ALBANY, N.Y. (AP) - The head of a progressive political party in New York is urging voters to cast votes on the party’s line at a time when a new state law is jeopardizing the future of minor parties.
Political parties must now receive 2% of the vote - or 130,000 votes - in the previous presidential or gubernatorial election to qualify as a party and get on the ballot. A political party’s status will now be reviewed every other year starting in November.
The state’s new ballot qualification requirements are set to take effect under a federal judge’s Tuesday decision, meaning that minor parties could lose their spot on the ballot in future elections if they don’t get enough votes in November.
Minor political parties could also lose other benefits, including the ability to appear on voter registration forms and receive unlimited contributions from donors to cover administrative costs.
New York Working Families Party State Director Sochie Nnaemeka criticized New York’s new law, which her party has tried to block in an ongoing legal battle.
“The state has no business making it harder for progressive New Yorkers to vote their values,” Nnaemeka said in a statement to The Associated Press.
Previously, political parties had to requalify every four years by receiving over 50,000 votes in the gubernatorial election.
In New York, minor political parties can form coalitions with other parties and endorse major party candidates under a practice known as “fusion voting,” which is banned by most states.
The unique practice means that candidates can appear multiple times on a ballot under different party lines.
For example, the Working Families Party is hoping that New York voters will vote for Democratic presidential nominee Joe Biden and vice presidential nominee Kamala Harris on the minor party’s own line in November.
Leaders of minor parties have long argued their cross-nominations signal a candidate’s commitment to the party’s own ideological or policy agenda.
Nnaemeka’s party and other critics sued in a lawsuit claiming New York’s new law was a flagrant and unjustified attempt to quash minor parties and limit ballot access ahead of a new $100 million public campaign funding system set to launch in New York in 2024.

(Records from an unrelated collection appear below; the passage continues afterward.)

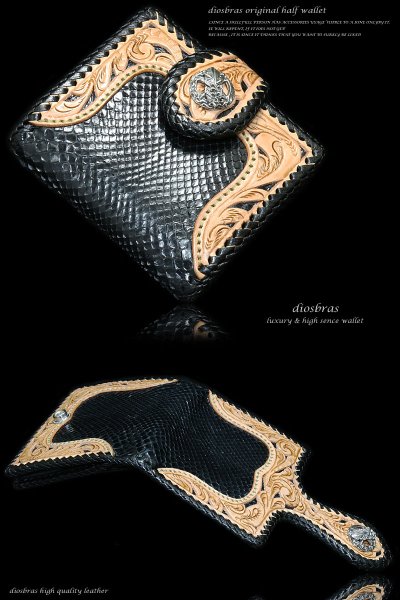 画像5: 【diosbras-ディオブラス-】透かし彫り カービング INブラックパイソン 黒蛇革 ハーフウォレット サドルレザー バイカーズ ショートウォレット ウォレット シルバー レザーウォレット コンチョ 短財布 財布蛇革 ヘビ革【CPA】【PY】 (5)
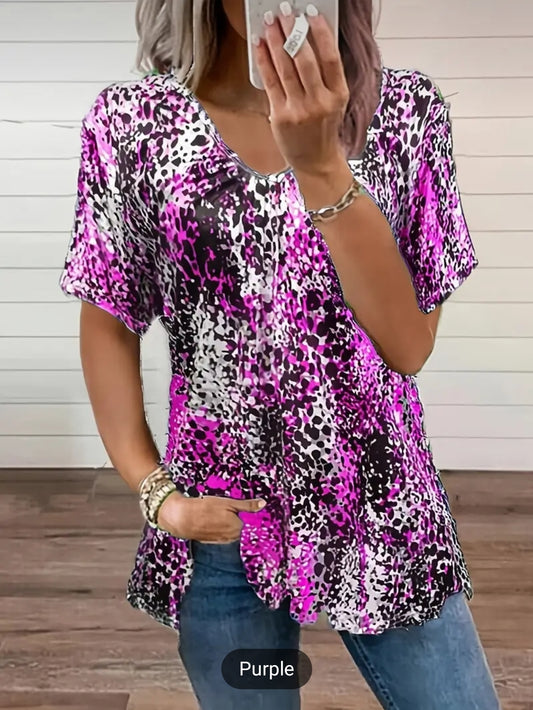 Leopard Print V Neck Top - Warm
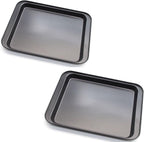 2 Pcs Cookie Baking Sheet, 9.5 Inch x 7 Inch Square Iron Plate with Nonstick Coating for Baking Cookie, Roast Meat, Baking Cake, Bread and other Foods (2)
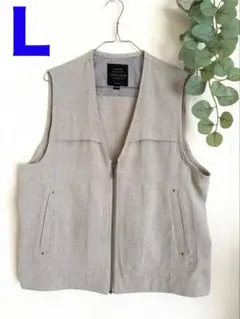 ベスト✳︎Lサイズ✳︎メンズ✳︎ベージュ✳︎カジュアル✳︎羽織り✳︎上品✳︎シンプル✳︎匿名配送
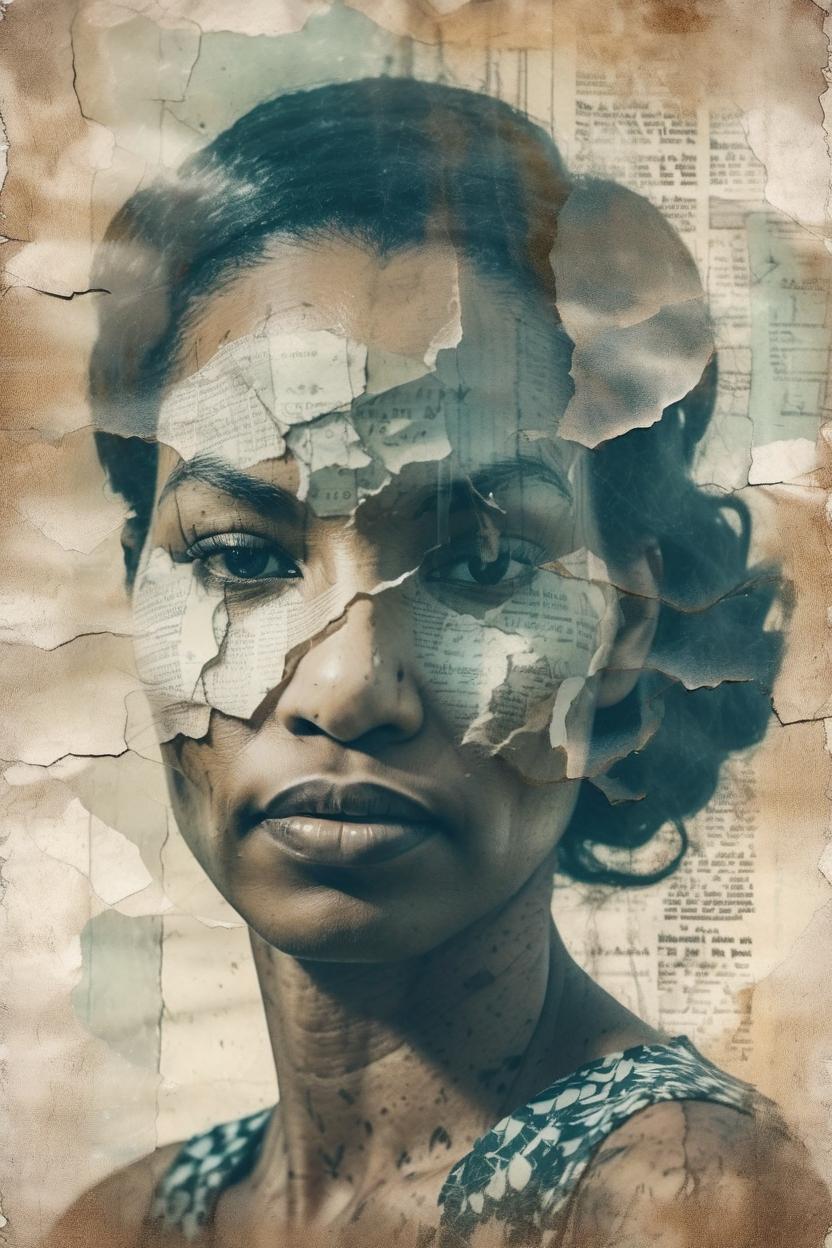 Artificial Intelligence (AI) generated image art, ..., medium-full, photo, A beautiful woman, double exposure, surreal artwork, printed on cracked paper, artful, aesthetic, muted color scheme, unusual, vintage feel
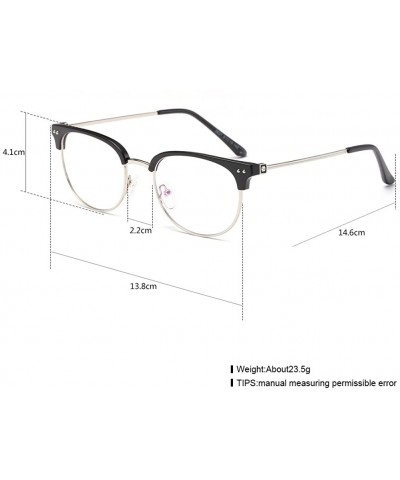 Oval Plastic Flat Oval Lens Retro Eyewear - Sand Black Frame - CN184KS73LQ $11.60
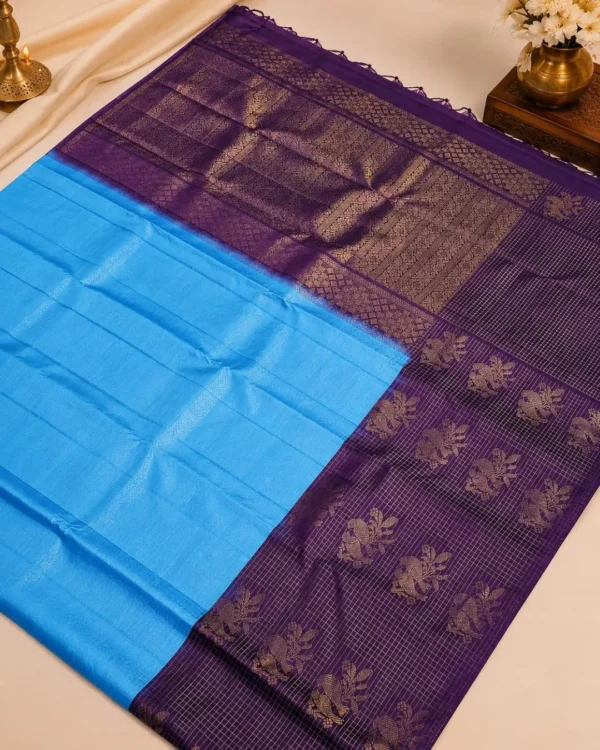 Soft Silks Sarees - Sky Blue And Purple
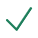 Dark green check mark symbol on a white background.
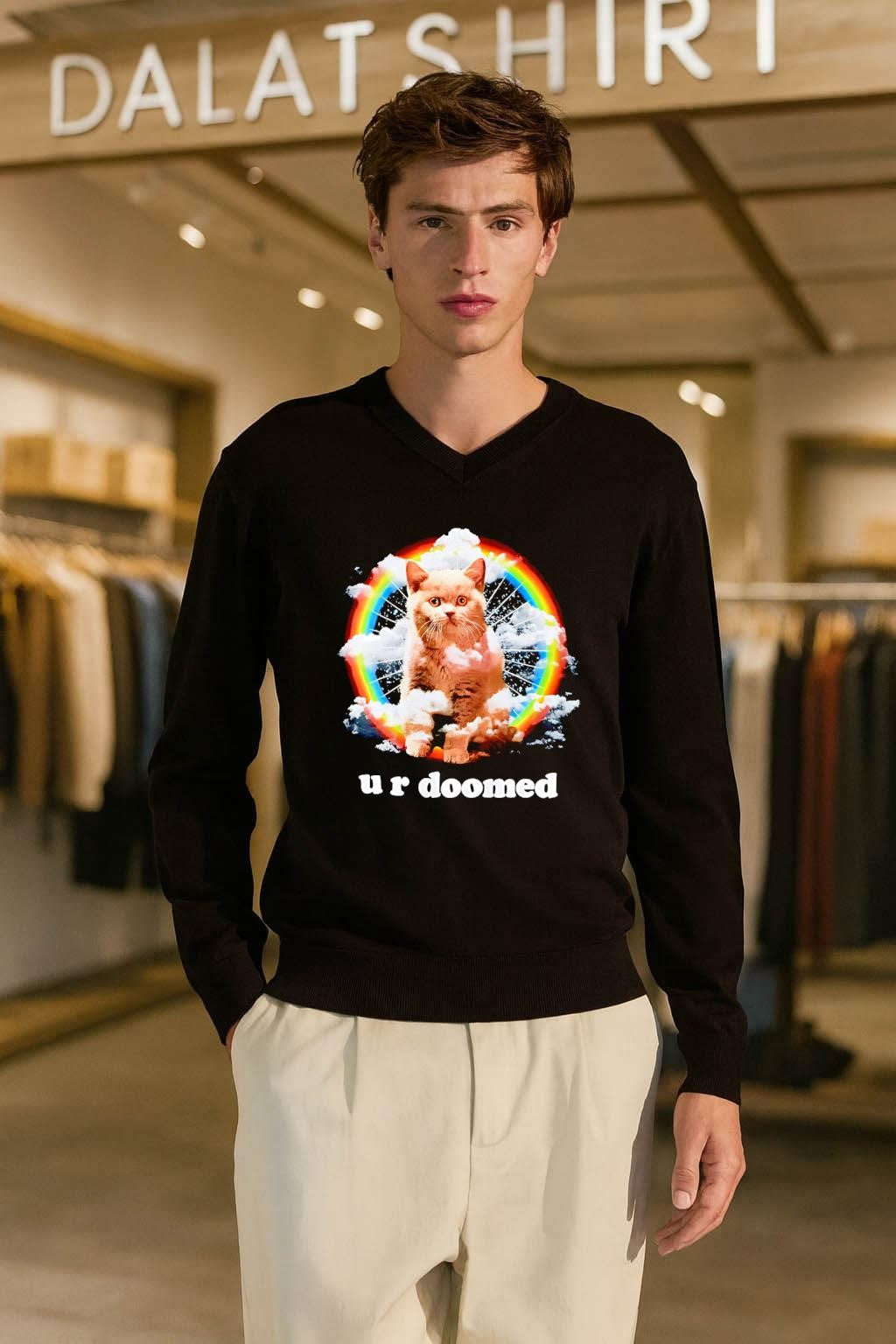 U R Doomed Cat In Clouds Rainbow Space shirt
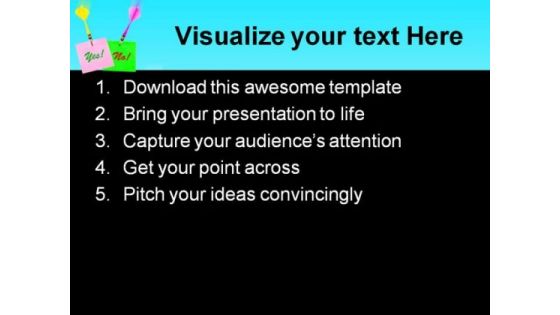 Yes And No Arrows Metaphor PowerPoint Themes And PowerPoint Slides 0811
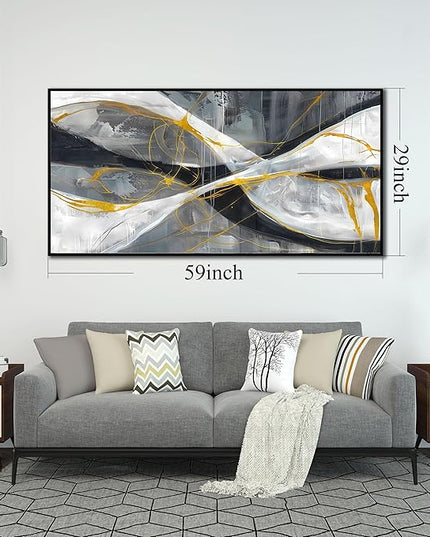Ouzzlie Abstract Wall Art Grey Wall Decor for Living Room Large Canvas Art Picture Gold Artwork 29" x 59"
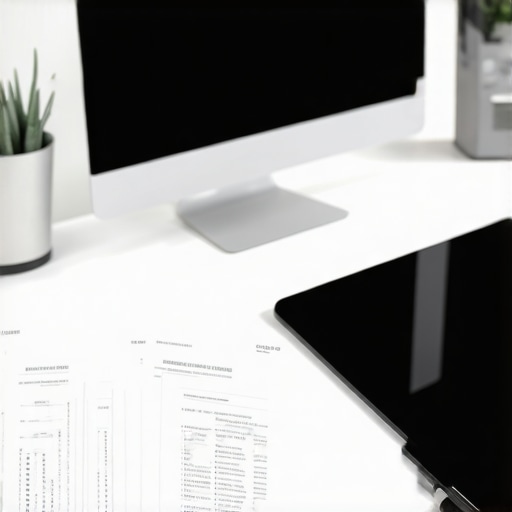 A modern legal office with digital tools for efficient divorce processing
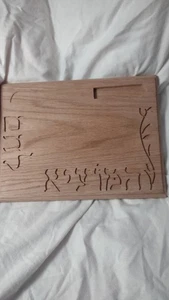 Shabbat Shalom Tavola Ebraica Challah Incisione Legno Ebraica 15” X 11,5” - Foto 1 di 2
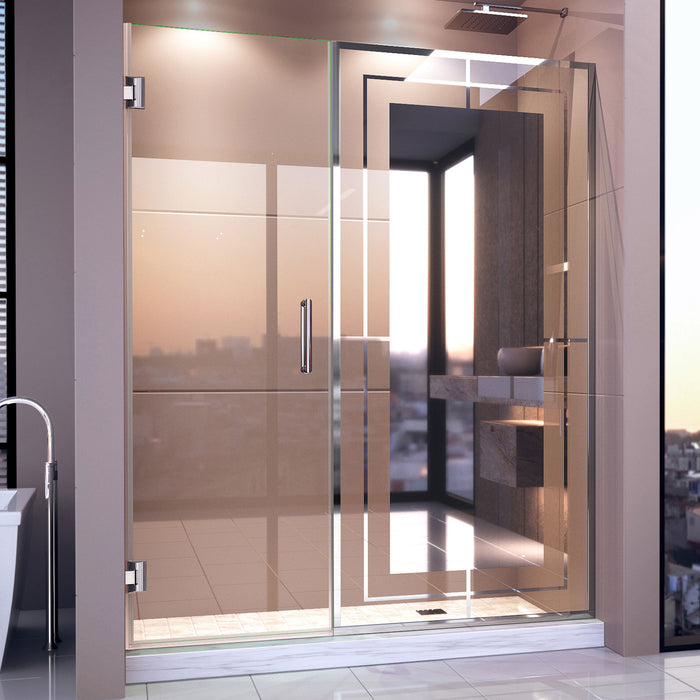 DreamLine D245872M12-01 Unidoor Mira 58-58 1/4"W x 72"H Frameless Hinged Shower Door in Chrome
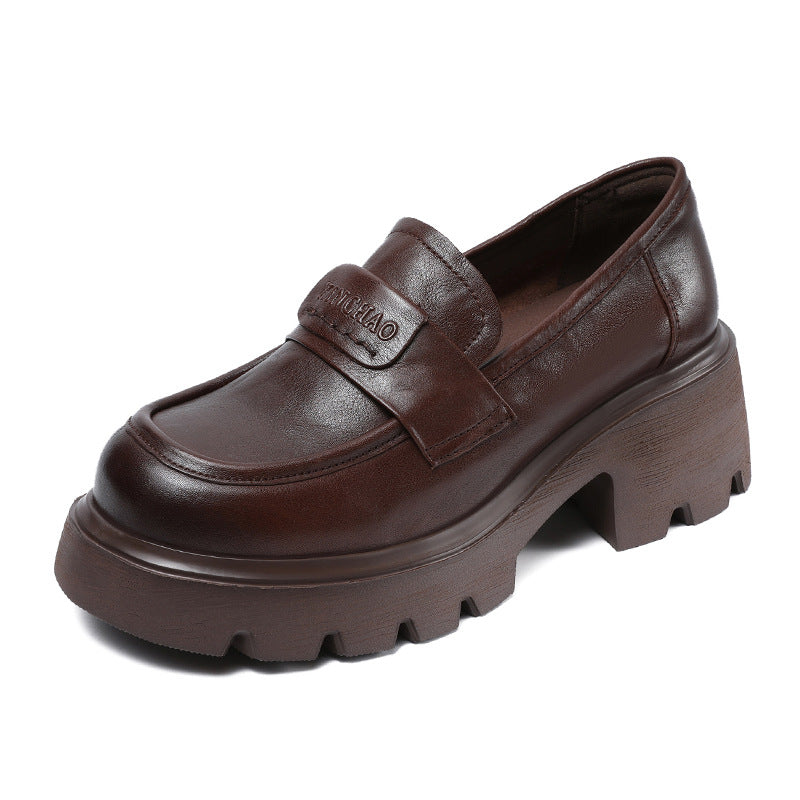 Women Minimalism Solid Leather Chunky Heel Loafers-RAIIFY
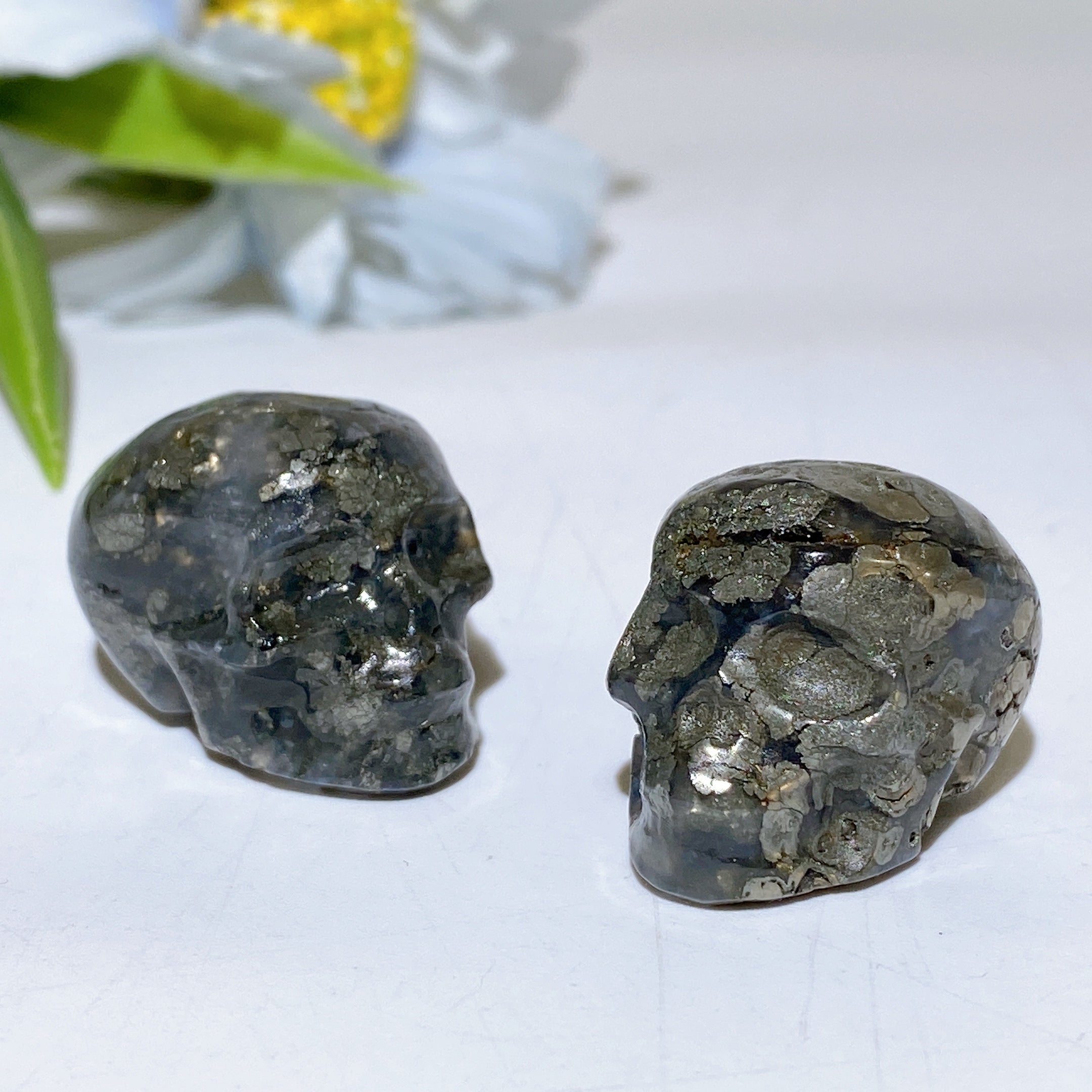 1.1 inch Agate Pyrite Crystal Skull Carving for Healing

Critics of the new law have also charged that the state’s Democratic party is trying to silence progressives in particular. Democratic Party Chair Jay Jacobs has called some minor parties besides the Working Families Party “shams” and defended the ballot qualification rules as protecting taxpayer dollars while also impacting minor conservative parties.
And a state judge ruled in March that lawmakers improperly delegated authority to a politically appointed commission whose recommendations for the new ballot qualification threshold became state law.
But a federal judge said Tuesday the minor political parties who sued over New York’s new law failed to show the law would harm constitutional rights, and said the commission’s requirements are “not severe.”
The Working Families Party met the new 130,000-vote threshold in the 2004, 2008, 2012 and 2016 presidential elections and also received the 2% threshold in two of those elections, the judge noted.
The commission’s recommendations said the new ballot qualification rules would increase voter participation and ensure parties have “sufficient political support” from voters. The previous ballot qualification threshold dated back to 1935.
“Voters will now be less confused by complicated ballots with multiple lines for parties that may not have any unique ideological standard,” reads the commission’s report.